Una espiral que su familia le ayudó a cortar, por suerte para sus fans, ya que le sirvió para ver las cosas en perspectiva tras sufrir un gravísimo atropello en 1999 (que él describe como la escena de una de sus novelas) a resultas del cual comenzó la redacción del libro que nos ocupa.


La segunda mitad, dedicada ya a la escritura, se titula "Caja de Herramientas" y define la forma en que él entiende el oficio: hacerse con una serie de buenas herramientas que te ayuden a la hora de fabricar historias. Así comienza a describir la necesidad de saber manejar el vocabulario, la gramática, a seguir un manual de estilo, y a aprender a trabajar los párrafos. Los últimos consejos serían leer mucho y escribir mucho.
"El programa agotador de lectura y escritura por el que abogo (de cuatro a seis horas diarias toda la semana) solo lo parecerá si son actividades que ni te gustan ni responden a ningún talento tuyo. De hecho, puede que ya estés siguiendo uno parecido. (...) La lectura constante te lleva a un lugar (o estado mental, si lo prefieres) donde se puede escribir con entusiasmo y sin complejos.  También te permitirá ir descubriendo qué está hecho y qué por hacer, y te enseña a distinguir entre lo trillado y lo fresco, lo que funciona y lo que solo ocupa espacio. Cuanto más leas, menos riesgo correrás de hacer el tonto con el bolígrafo o el procesador de textos."
Por supuesto, también habla de su rutina de escritura diaria. Un ejercicio estajanovista que es bastante conocido entre los aficionados.
"Me gusta hacer diez páginas al día, es decir, dos mil palabras.
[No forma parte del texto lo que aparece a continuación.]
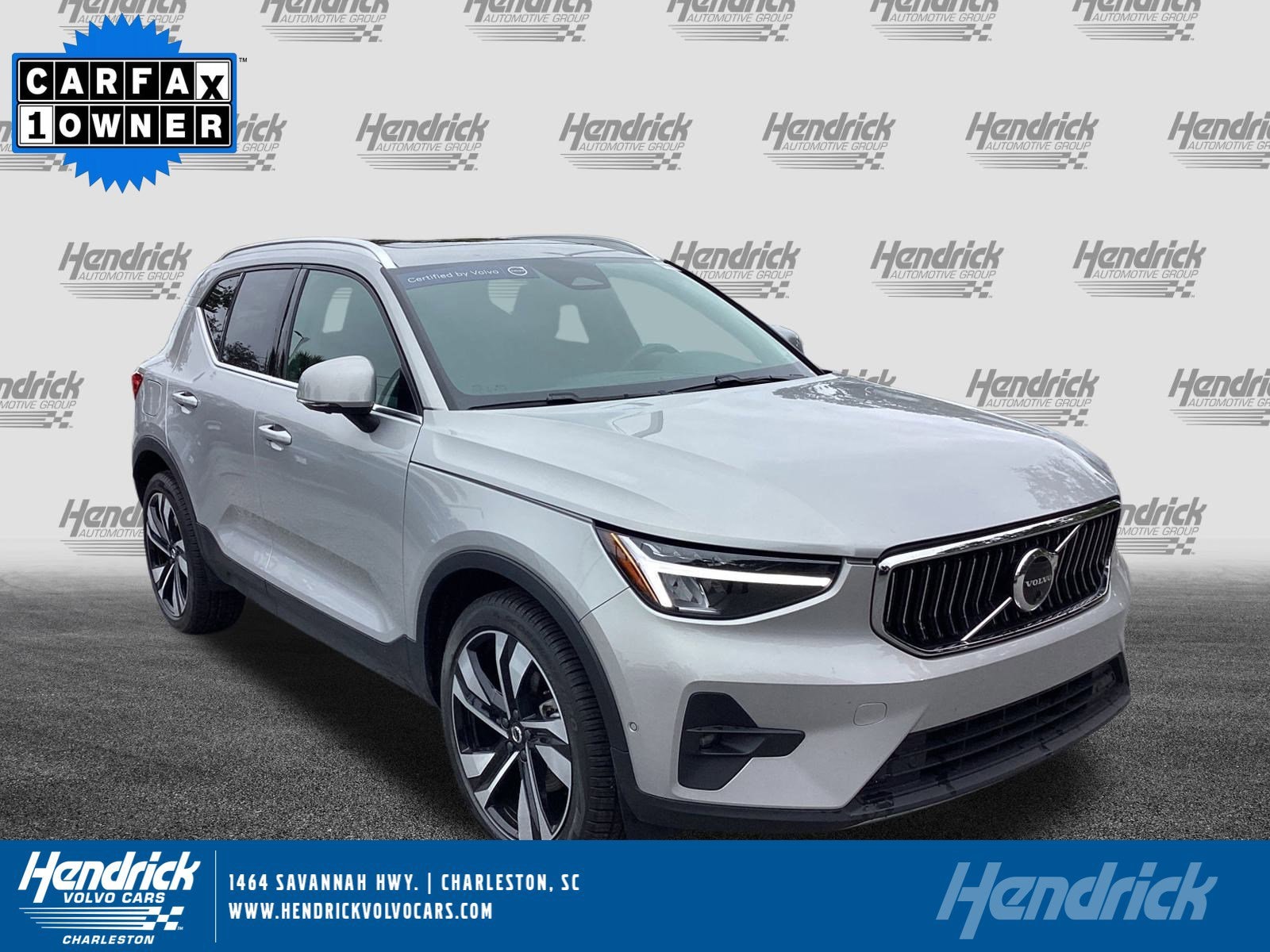 2025 Volvo XC40 Plus's photo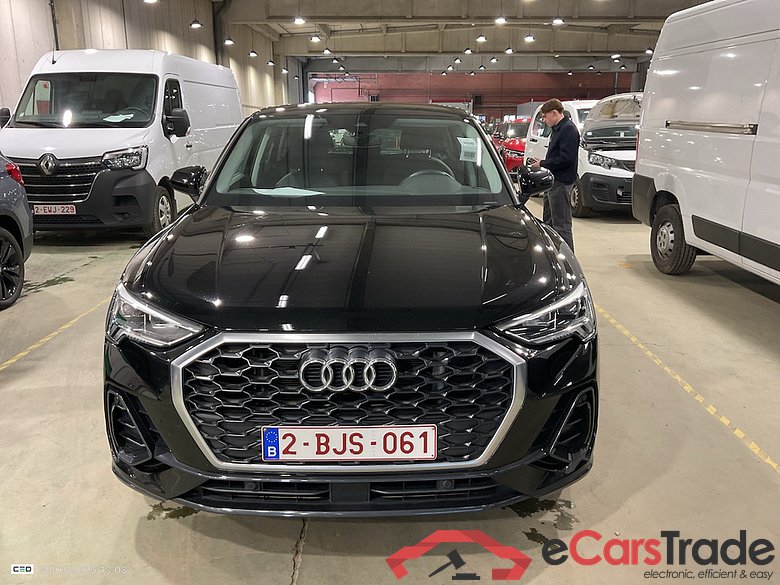 AUDI Q3 Sportback 1.4 45 TFSI E S TRONIC #2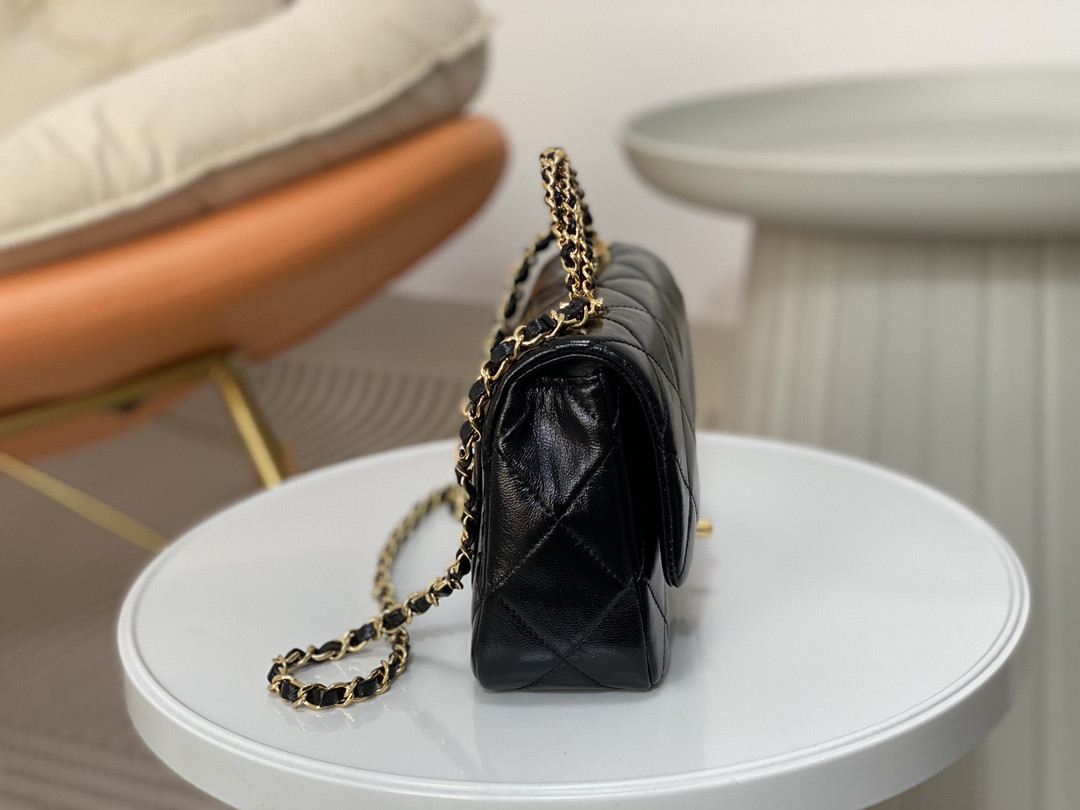 Ch**el WALLET ON CHAIN   19x13x7cm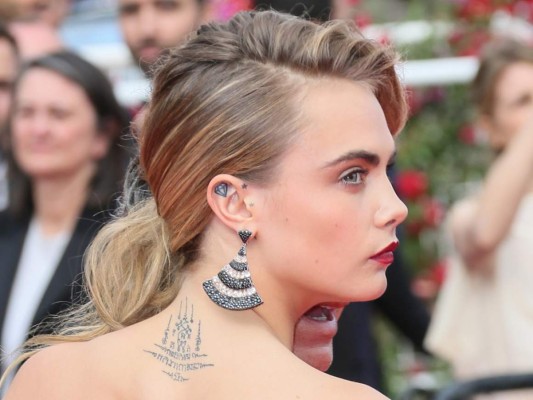 Uno de los últimos tatuajes de Cara Delevingne es un león que se tatuó en el dedo índice y el segundo es un tatuaje de sus iniciales en el costado de la palma de su mano sobre la parte inferior.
En un mes son 180.000 palabras, que para un libro no está mal..."
Cada capítulo se completa con varios ejemplos prácticos, incluidos fragmentos de textos propios de King, en los que desgrana los aspectos prácticos de su proceso creativo. Cómo estudia el manuscrito (a diario, y una vez terminado el manuscrito) para eliminar aquello que es superfluo o afecta a la calidad del texto, amén de repasar la mayoría de recomendaciones de estilo de todos los manuales (evitar adverbios, las repeticiones, los problemas de vocabulario, etc...)

De todo ello, el ejemplo sobre cómo leer un texto propio con ojo crítico fue con el que logró que volviera a respetarle. De todo el trabajo detrás de las horas invertidas en levantar una novela, esa capacidad para recortar "paja" al texto y decidir que tal o cual parte necesita reelaborarse o sobra del todo, es la más difícil de desarrollar. Pero también ocurre que, cuando lo consigues, la sensación después de corregir un manuscrito es satisfactoria en extremo.

En definitiva, Mientras escribo constituye una obra de referencia para cualquier persona que aspire al oficio de escritor. ¿Les convertirá en otro Stephen King? No lo creo posible, ya que no da ninguna receta secreta. De hecho, una de las primeras cosas que dice es:
"No hay ningún Depósito de Ideas, Central de Relatos o Isla de los Best-sellers Enterrados."
Lo mejor es que sus consejos le servirán de forma general a cualquier escritor. Y, en todo caso, quien tenga el talento y la capacidad para igualar su velocidad de escritura, podrá aspirar a niveles similares de prolificidad. Siendo consciente en todo momento, eso sí, de que si el propósito es alcanzar el oficio de escritor profesional ésta es una carrera de fondo en la que, a quien flaquea, le conviene quedarse en la cuneta igual que en su Larga marcha.